Though the conference is not primarily geared to describing climate problems, she said, new learning about problems does happen. For example, Jennings herself, who attended the conference twice before becoming Community Solutions’ executive director in 2014, learned about peak oil through conference presentations.

Most attendees are aware of the key problems, she said, and come to the conference hungry for ideas for change, ideas like the time bank in Dane County, Wis., the country’s largest platform for exchanging services and connecting a community’s needs and resources. (Yellow Springs has its own time bank project, the Yellow Springs Time Exchange, launched last June.) Other ideas include the citywide energy reductions in Athens, Ohio, or the local economy project in Jamaica Plains, Mass., which has helped keep people in their homes and supported local businesses and community gardens amid gentrification pressures, according to Jennings.

All of these projects will be discussed at this year’s conference, as will the many innovative efforts incubated right here at home.

“Yellow Springs is far along,” in lowering its ecological impact, said Jennings. For example, the village has more passive houses per capita than any other community in the country, she said. CSAs and local food movements abound. The village was one of the first in the nation to pass a local bill of rights to clean air and water, a measure aimed against fracking and related activities. (The Ohio Supreme Court recently ruled against such laws.) And another homegrown group, the Resilience Network, created after last fall’s New York City climate march, is taking local climate action by working in six areas, she said.

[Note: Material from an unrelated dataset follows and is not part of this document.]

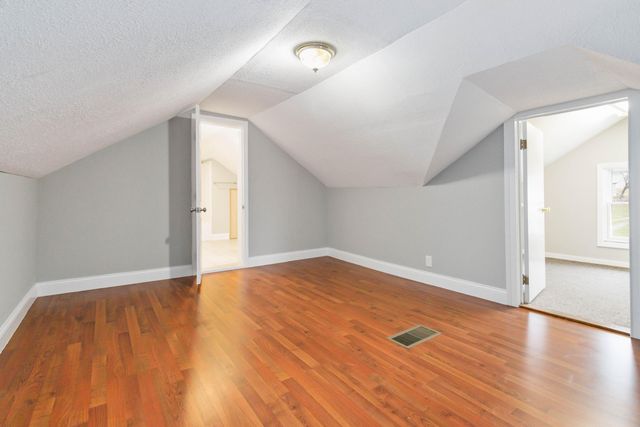 118 Sawyer Street, Somerset, KY 42501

Those areas are transportation, waste, local economy, buildings, renewable energy and food. Each area will be the focus of an educational workshop over the next year. The forums are funded by the Yellow Springs Community Foundation.

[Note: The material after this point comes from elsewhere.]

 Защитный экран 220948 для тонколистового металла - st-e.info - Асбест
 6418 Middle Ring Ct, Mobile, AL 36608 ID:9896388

“The conference serves as a kick-off for these Resilience Network forums,” said Jennings, noting the close ties between Community Solutions and the newer climate action group.
This year’s conference is headlined by the Minimalists, Joshua Fields Millburn and Ryan Nicodemus, two Dayton natives who through their blog, books and worldwide presentations inspire people to lead lives of less — less stuff, less stress, but more passion, contribution and contentment.

The Minimalists were selected for their appeal to younger audiences, said Jennings. Other efforts to engage a younger demographic include a student panel, featuring students from Antioch College, Yellow Springs High School and elsewhere, and an intergenerational dialogue focused on youth.

While some of the tools the conference explores are practical, others are psychological and spiritual. Jennings believes these aspects are essential.

“There’s a psychological piece to [climate crisis] — what people are going through emotionally,” she said. A lot of people are experiencing climate change through economic pressures and disruptions that “can be hard to talk about.” Facilitating these “difficult conversations” is one of the things the conference is designed to do, she said.

Community Solutions advocates for a “holistic” response to climate crisis. “We believe climate change is the apex of other environmental issues,” she explained. “All these issues stem from a materialist view of the universe,” the belief that humans are fundamentally separate from nature and from each other.

“We can cut out all the carbon, but we’ll still need to revise our views of who people are in relation to the universe and each other,” said Jennings.

She highlighted psychotherapist and author Carolyn Baker, featured in a couple of conference events, as addressing these deeper, less tangible dimensions of climate crisis. Storytelling and drumming events also tap into “the emotional and archetypal responses” people have, she said.

About half of conference presenters are from Yellow Springs, and local residents will likely make up about half of the expected 100 attendees.

Jennings hopes attendees take ideas and actions back to their communities — which may mean right here in Yellow Springs. Participants from past conferences have made concrete changes in their own lives, and sparked changes within their communities, she said, citing the Black Oaks Center for Sustainable Renewable Living in Chicago, started by a former conference attendee. Dr. Jifunza Wright-Carter from Black Oaks will present at this year’s conference.
Arthur Morgan believed that small, well-connected communities were the “seedbed of democracy,” said Jennings. Seventy-five years later, his words and vision are still sending up new shoots.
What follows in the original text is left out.